Part II

Each column on the grid lines is supported by a caisson of about 7 to 10 ft (2.13 to 3.05 m) in diameter and 120 ft (36.58 m) length cored into rock. The tops of the caisson are tied together by a 5 ft (1.52 m) deep concrete mat which also serves to transfer a design horizontal wind force of 4500 tons (4080 tonnes) to a stratum of clay. For vertical transportation the building is divided into three zones, each 30 to 40 storeys high. Double deck lifts serve these ‘main’ floors from which ‘local’ lifts function, stopping at each floor in the zone The steelwork structure is clad with a black aluminium skin and has bronze-tinted glass.

Under wind loads, the structure works in a similar manner to a tube without openings cantilevering from ground level. The bundled tube system provides two internal web frames in each grid direction, in addition to those on the outside. The effect is to reduce shear lag on the flange frames, so there is a more uniform distribution of axial load among those columns on lines perpendicular to the wind force. An even distribution indicates good cantilever efficiency. The bundled tube system makes good use of the internal columns to increase the building's stiffness. The wind sway is about 0.3in (7.5 mm) per storey, the design wind pressure being 65 lb per sq ft (317 kg per sq m) at the top.

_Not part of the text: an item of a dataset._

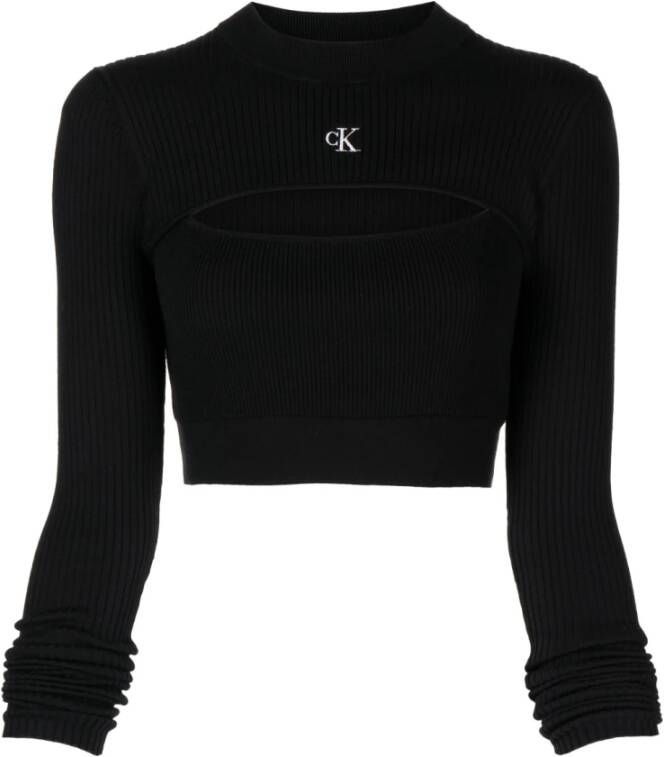 Calvin Klein Jeans Gestreepte Rib Makkelijke Lente Zomer Dames Top Black Dames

The exterior columns were clad with 4in (100 mm) of insulation and had gravity circulation of inside air around them in order that at a design temperature of -20°F (-29°C) outside, the column was within 7°F(3.8°C) of the inside temperature of 75° F (24°C).

The steelwork was brought on to site as 'tree' sub-assemblies consisting of a two-storey column and half-length beams on either side. The 'trees' weigh 15 tons (13.84 tonnes) and are bolted together at beam mid-points, these connections being designed for shear only. The column connections above and below are welded and are mid-height between the floors. Almost all the welding necessary was done at the factory and this welding was extensively tested.

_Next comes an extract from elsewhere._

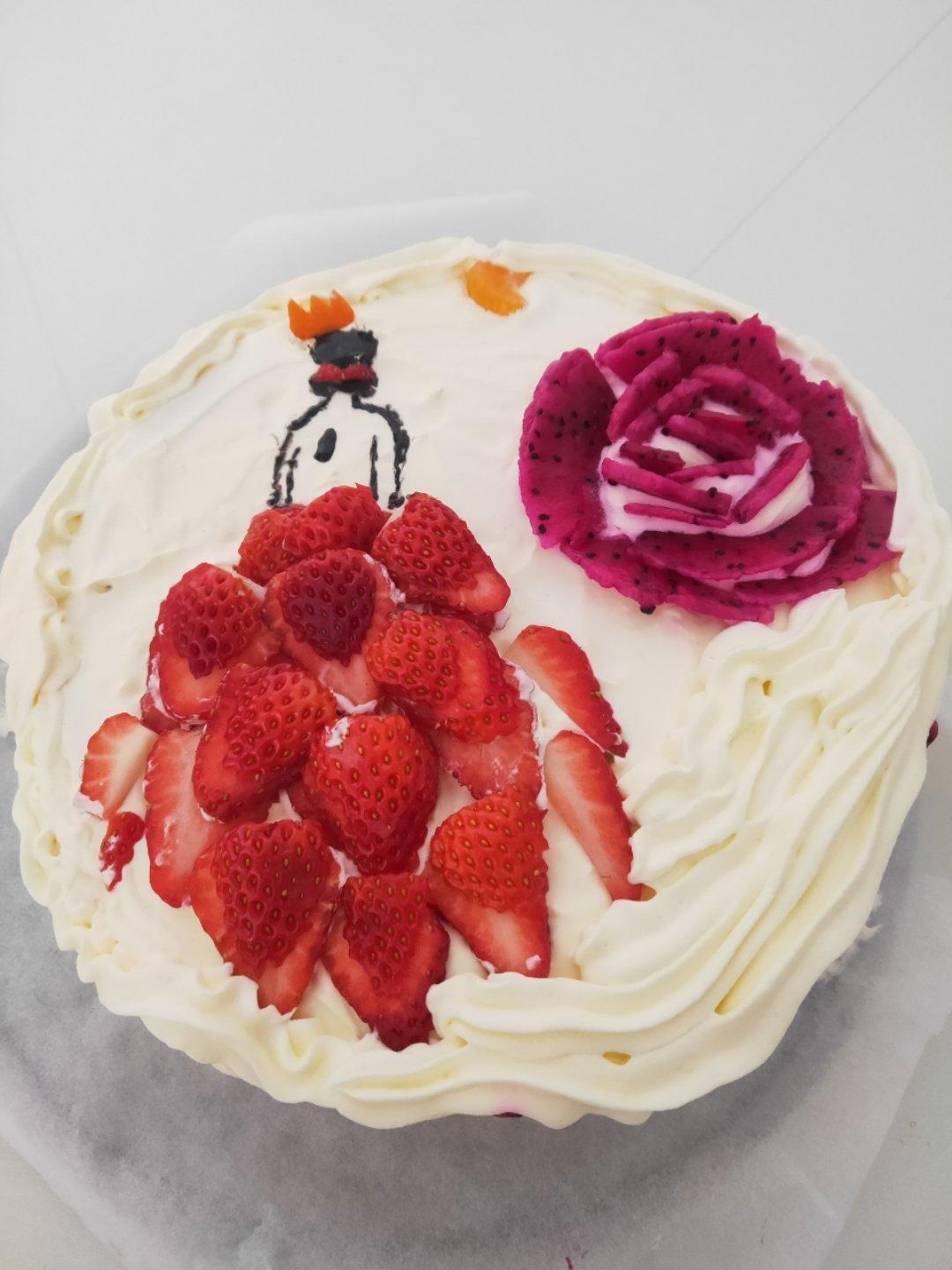 手机用户4208_vcx7做的玫瑰花瓣美女背影生日蛋糕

The bundled tube system is applied to very high buildings which can be split into tubes. The tubes may have different areas or shapes in plan. Of the completely regular ways of subdividing a plan shape into identical area modules, apart from the square, only hexagonal and triangular modules are possible.

Notes:

bundled tube system система пучка труб

even adj. равномерный

flange frame каркас с фланцем

hexagonal adj. гексагональный

shear lag n. поперечная инерция

sub-assembly n. монтажный блок

'tree' n. древовидная конструкция

web frame решётчатый каркас

sway n. колебание

Ответьте на вопросы к тексту

1. How do the caissons and the concrete mat function?

2. How is vertical transportation within the building provided?

3. What was done to resist wind loads?

4. Why did the exterior columns have gravity circulation of inside air around them?

5. What form was the steelwork brought to site in?

6. What are the possible shapes of identical area modules?